(Records)

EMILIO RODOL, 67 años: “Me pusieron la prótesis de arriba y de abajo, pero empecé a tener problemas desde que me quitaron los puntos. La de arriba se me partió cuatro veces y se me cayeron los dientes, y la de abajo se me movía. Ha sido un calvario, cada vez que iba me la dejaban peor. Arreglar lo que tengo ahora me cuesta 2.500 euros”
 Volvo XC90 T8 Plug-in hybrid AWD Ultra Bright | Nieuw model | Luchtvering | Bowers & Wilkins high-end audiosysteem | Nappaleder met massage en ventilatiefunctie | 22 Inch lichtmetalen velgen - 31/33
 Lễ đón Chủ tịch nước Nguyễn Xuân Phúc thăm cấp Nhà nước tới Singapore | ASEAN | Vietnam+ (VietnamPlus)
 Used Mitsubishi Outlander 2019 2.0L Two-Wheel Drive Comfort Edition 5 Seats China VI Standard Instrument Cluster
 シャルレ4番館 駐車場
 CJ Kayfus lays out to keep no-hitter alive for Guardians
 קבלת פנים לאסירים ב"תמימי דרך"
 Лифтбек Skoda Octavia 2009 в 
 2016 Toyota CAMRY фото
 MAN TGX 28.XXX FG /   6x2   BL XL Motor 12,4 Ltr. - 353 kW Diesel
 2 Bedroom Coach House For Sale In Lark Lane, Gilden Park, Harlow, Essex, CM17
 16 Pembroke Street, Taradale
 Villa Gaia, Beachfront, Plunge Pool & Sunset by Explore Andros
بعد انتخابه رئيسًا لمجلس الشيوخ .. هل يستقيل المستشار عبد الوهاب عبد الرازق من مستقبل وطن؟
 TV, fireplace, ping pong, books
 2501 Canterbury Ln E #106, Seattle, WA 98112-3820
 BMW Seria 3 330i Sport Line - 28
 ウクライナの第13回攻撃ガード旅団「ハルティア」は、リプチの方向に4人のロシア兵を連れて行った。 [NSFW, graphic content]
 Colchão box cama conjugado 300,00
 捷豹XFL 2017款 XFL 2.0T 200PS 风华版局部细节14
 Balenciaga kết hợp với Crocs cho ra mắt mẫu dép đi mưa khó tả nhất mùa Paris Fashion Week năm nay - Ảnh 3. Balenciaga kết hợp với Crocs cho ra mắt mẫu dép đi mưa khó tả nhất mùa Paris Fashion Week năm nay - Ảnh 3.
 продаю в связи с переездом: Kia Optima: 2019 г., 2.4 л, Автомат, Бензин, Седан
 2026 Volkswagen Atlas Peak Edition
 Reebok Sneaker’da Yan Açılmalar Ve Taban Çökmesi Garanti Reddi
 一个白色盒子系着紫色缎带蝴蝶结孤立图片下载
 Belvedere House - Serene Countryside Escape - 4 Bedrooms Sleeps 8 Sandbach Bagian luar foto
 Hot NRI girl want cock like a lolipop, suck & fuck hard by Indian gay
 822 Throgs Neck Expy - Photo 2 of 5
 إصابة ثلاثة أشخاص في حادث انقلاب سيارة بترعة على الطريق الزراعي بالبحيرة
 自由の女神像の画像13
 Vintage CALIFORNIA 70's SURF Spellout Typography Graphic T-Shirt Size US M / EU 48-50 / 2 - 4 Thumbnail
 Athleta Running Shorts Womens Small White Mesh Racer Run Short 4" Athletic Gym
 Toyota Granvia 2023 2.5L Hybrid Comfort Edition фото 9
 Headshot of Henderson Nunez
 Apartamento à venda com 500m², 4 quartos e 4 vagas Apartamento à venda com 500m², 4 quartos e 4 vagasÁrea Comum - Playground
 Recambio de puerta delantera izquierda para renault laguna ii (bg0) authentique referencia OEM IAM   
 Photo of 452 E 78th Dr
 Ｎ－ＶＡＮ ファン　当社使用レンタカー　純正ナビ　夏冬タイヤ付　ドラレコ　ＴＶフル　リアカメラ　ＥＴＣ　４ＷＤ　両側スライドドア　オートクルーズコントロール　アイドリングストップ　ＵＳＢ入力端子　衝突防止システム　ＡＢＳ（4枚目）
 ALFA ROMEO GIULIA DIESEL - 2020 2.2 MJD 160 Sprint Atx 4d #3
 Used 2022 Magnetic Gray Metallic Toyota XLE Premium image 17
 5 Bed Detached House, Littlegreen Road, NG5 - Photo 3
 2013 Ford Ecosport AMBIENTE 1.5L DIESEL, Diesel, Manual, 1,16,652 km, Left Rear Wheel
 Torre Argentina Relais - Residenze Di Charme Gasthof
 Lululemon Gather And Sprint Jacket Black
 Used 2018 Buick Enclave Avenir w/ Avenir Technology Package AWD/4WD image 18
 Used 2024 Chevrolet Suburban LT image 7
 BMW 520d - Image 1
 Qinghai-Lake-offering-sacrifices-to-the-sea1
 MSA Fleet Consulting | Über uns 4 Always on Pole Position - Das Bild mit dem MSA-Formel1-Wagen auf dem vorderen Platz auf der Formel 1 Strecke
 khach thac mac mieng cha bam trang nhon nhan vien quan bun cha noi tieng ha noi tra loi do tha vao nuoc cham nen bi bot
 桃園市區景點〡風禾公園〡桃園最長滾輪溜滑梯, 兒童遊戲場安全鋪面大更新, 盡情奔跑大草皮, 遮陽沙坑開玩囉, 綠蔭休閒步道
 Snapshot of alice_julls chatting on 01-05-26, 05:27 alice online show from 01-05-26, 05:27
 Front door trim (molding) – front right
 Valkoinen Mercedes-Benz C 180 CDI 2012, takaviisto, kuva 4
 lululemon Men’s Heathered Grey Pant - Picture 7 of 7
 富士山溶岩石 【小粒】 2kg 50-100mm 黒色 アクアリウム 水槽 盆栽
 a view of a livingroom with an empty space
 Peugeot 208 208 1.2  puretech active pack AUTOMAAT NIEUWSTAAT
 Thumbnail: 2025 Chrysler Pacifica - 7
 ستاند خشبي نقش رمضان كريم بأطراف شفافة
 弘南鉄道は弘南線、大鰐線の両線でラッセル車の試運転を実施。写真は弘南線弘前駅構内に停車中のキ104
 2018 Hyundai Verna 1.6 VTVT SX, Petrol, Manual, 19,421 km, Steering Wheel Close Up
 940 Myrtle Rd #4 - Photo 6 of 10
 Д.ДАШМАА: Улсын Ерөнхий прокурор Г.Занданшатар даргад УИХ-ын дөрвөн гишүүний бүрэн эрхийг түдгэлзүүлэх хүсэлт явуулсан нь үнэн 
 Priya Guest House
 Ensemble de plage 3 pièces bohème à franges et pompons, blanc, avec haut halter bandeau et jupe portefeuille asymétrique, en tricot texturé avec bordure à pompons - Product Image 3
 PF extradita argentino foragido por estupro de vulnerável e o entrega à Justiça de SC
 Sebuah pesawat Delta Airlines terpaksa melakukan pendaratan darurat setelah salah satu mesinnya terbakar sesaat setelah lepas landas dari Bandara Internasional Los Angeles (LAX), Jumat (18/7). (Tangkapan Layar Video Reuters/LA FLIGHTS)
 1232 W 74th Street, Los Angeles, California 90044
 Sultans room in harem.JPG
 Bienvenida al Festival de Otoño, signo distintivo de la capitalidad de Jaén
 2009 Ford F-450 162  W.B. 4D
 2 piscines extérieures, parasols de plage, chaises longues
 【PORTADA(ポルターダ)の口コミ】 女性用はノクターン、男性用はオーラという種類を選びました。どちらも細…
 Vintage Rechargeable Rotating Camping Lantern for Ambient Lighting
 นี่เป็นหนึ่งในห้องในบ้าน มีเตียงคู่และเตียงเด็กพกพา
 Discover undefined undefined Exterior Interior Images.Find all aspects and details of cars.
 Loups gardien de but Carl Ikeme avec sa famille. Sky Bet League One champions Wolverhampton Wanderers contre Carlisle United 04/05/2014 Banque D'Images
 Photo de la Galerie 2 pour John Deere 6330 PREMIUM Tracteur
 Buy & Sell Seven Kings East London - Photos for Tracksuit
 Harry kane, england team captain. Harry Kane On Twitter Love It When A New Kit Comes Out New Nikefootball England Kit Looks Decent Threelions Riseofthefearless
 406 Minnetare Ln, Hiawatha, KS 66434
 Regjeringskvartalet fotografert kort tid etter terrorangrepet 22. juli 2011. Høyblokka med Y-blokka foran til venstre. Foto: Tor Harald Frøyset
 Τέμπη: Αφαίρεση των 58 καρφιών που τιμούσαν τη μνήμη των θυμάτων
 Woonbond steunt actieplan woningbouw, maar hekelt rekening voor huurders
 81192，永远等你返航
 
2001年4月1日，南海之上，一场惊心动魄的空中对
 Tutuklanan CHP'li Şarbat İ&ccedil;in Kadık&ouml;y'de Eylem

(End Records)

# Problem to work on
Read the data above and pull out each line that holds the string "Edition".

# Reply to the exercise
 Used Mitsubishi Outlander 2019 2.0L Two-Wheel Drive Comfort Edition 5 Seats China VI Standard Instrument Cluster
 2026 Volkswagen Atlas Peak Edition
 Toyota Granvia 2023 2.5L Hybrid Comfort Edition фото 9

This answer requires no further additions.